Stored records
┌──

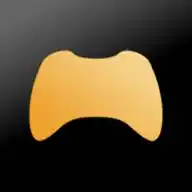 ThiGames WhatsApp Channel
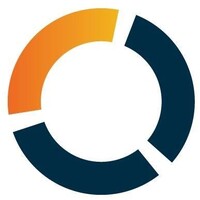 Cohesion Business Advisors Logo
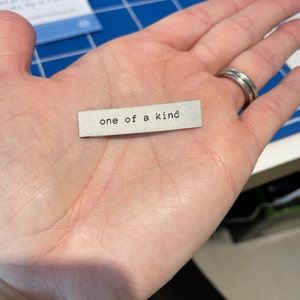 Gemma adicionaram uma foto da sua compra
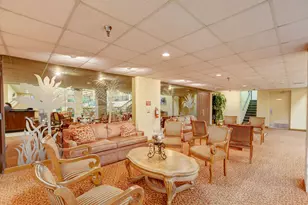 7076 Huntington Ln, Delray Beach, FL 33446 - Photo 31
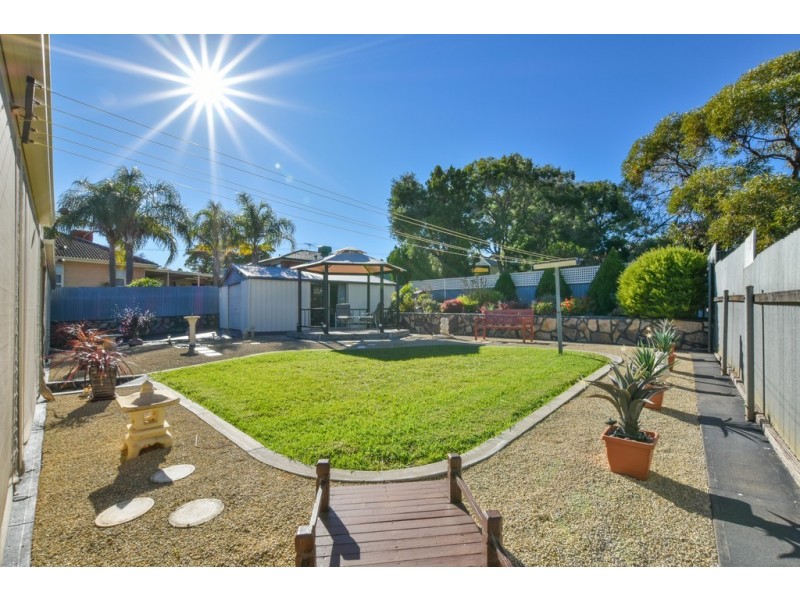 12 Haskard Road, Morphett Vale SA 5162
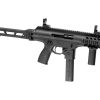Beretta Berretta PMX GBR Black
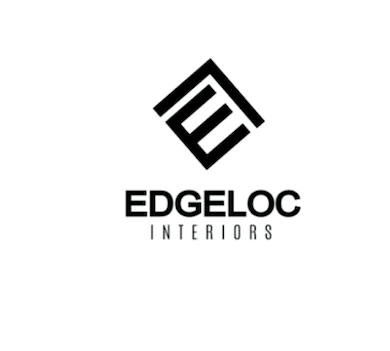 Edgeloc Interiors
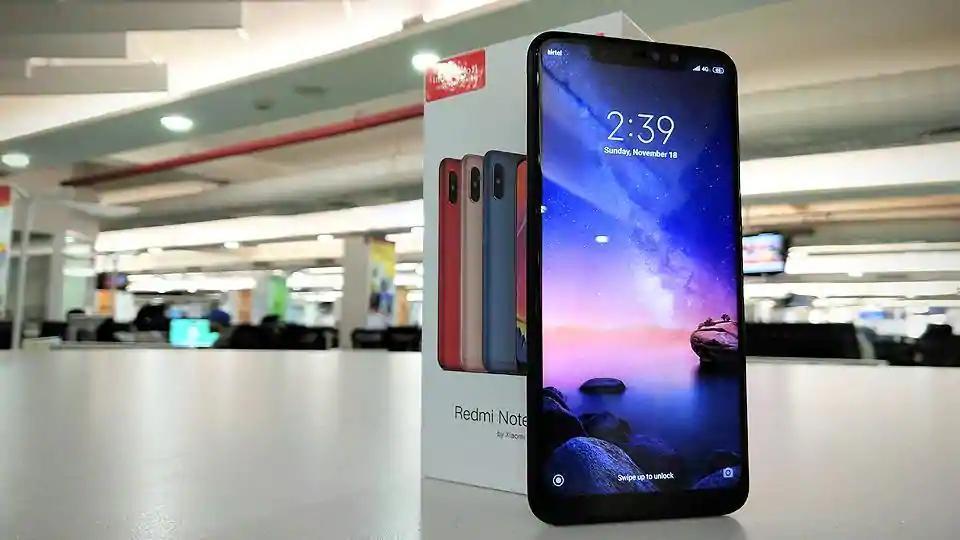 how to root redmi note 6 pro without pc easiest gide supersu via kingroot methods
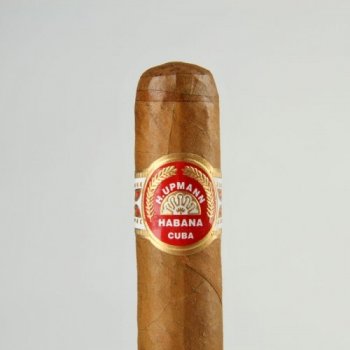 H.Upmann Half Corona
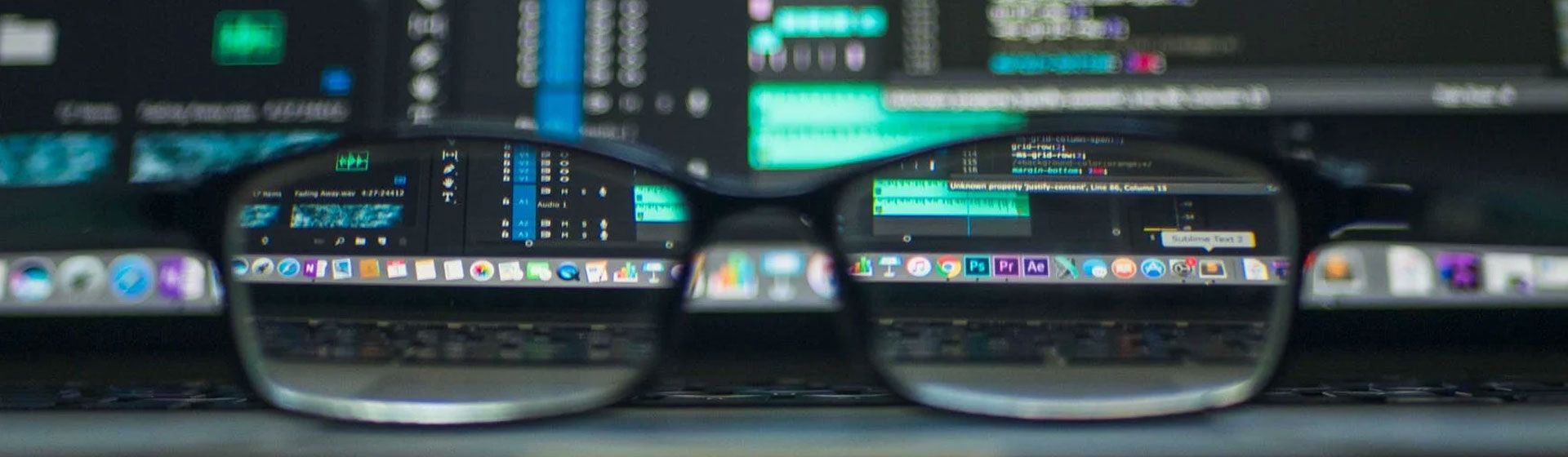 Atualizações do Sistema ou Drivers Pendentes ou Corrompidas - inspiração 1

└──

§ Task goal
Write out the data above precisely. Pictures stay out.

§ Reply
 ThiGames WhatsApp Channel
 Cohesion Business Advisors Logo
 Gemma adicionaram uma foto da sua compra
 7076 Huntington Ln, Delray Beach, FL 33446 - Photo 31
 12 Haskard Road, Morphett Vale SA 5162
Beretta Berretta PMX GBR Black
 Edgeloc Interiors
 how to root redmi note 6 pro without pc easiest gide supersu via kingroot methods
 H.Upmann Half Corona
 Atualizações do Sistema ou Drivers Pendentes ou Corrompidas - inspiração 1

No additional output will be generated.